WORK TASK: Exact copy, pictures excluded: please retype every record below.

DATA TO EXAMINE:
*** Block opens ***
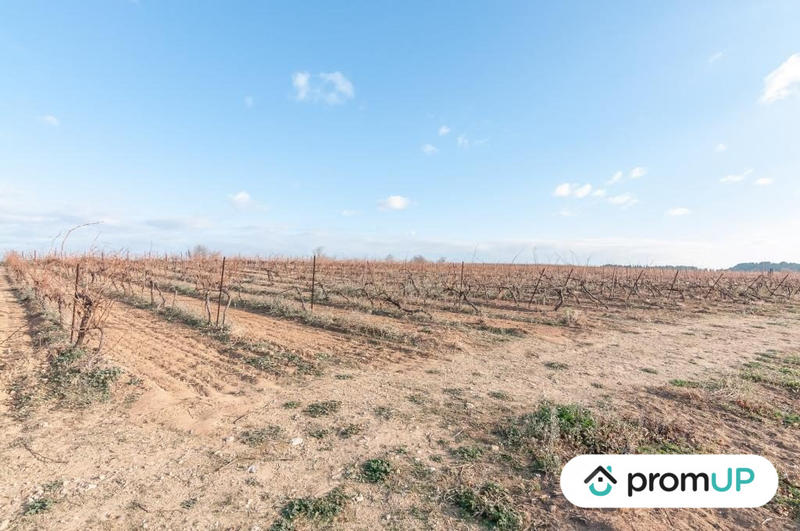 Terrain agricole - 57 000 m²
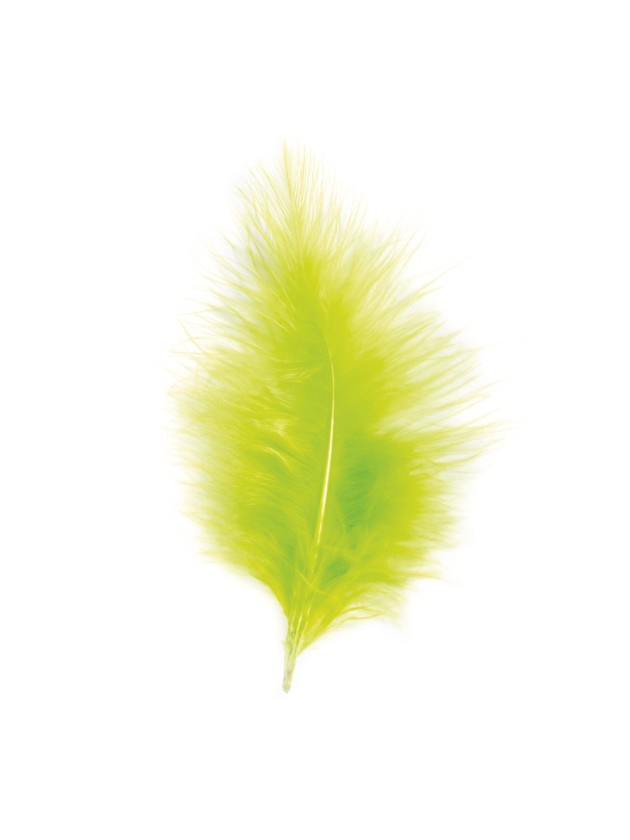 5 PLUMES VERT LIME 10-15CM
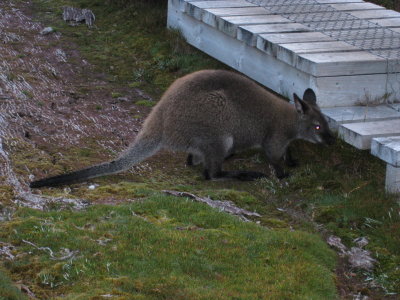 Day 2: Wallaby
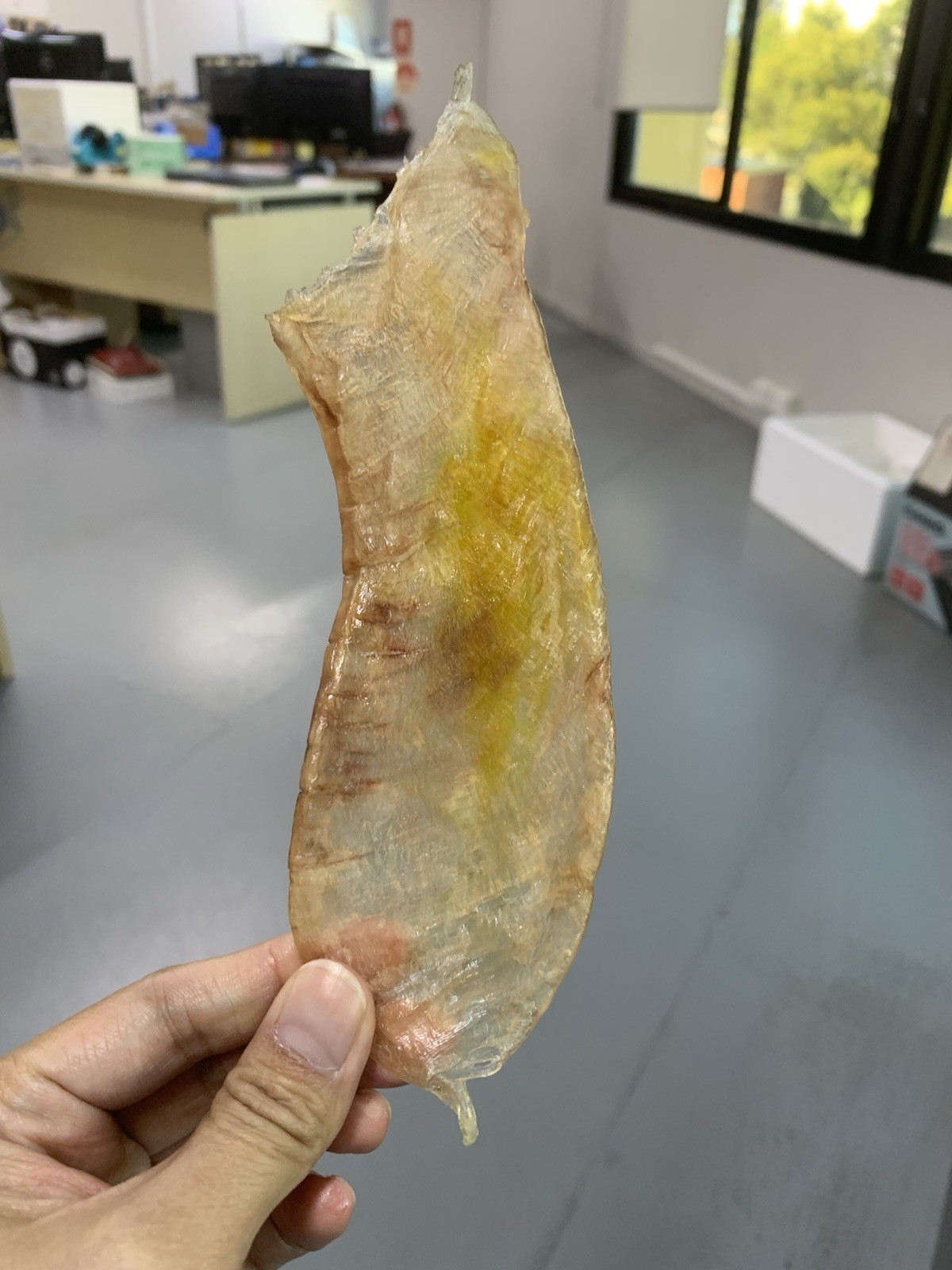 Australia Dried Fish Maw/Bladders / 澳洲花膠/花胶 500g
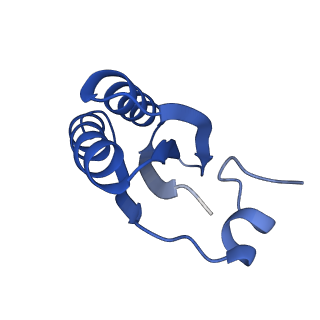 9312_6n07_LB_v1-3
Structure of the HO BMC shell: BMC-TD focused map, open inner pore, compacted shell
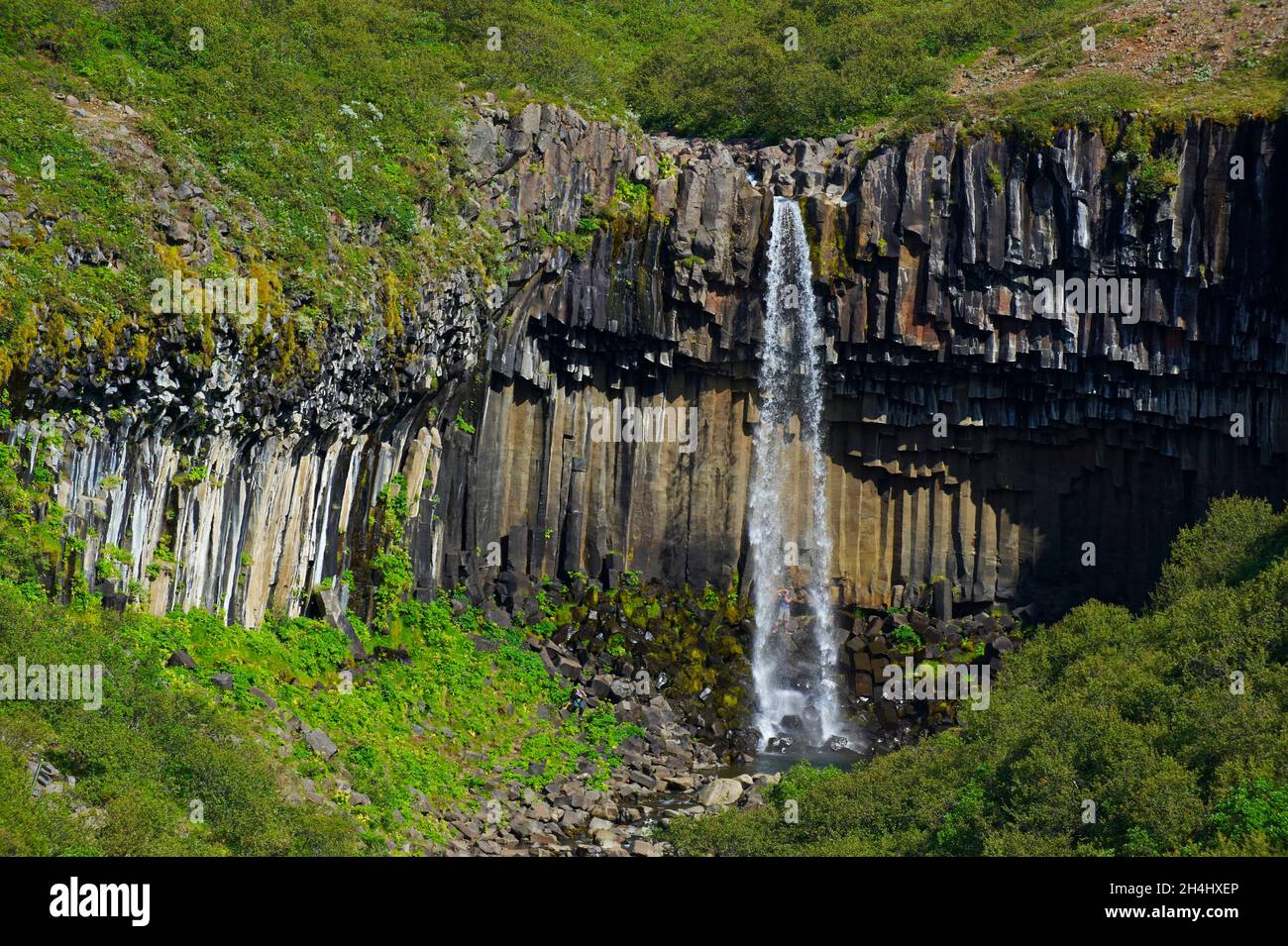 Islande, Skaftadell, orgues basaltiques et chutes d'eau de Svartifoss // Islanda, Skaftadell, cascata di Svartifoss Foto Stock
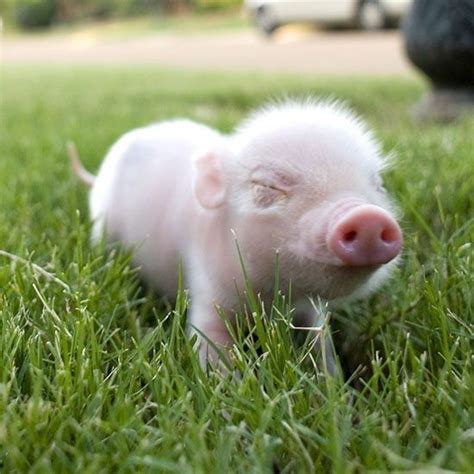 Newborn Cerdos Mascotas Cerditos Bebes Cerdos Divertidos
*** Block closes ***
EXERCISE RESULT:
 Terrain agricole - 57 000 m²
 5 PLUMES VERT LIME 10-15CM
 Day 2: Wallaby
 Australia Dried Fish Maw/Bladders / 澳洲花膠/花胶 500g
 9312_6n07_LB_v1-3
Structure of the HO BMC shell: BMC-TD focused map, open inner pore, compacted shell
 Islande, Skaftadell, orgues basaltiques et chutes d'eau de Svartifoss // Islanda, Skaftadell, cascata di Svartifoss Foto Stock
 Newborn Cerdos Mascotas Cerditos Bebes Cerdos Divertidos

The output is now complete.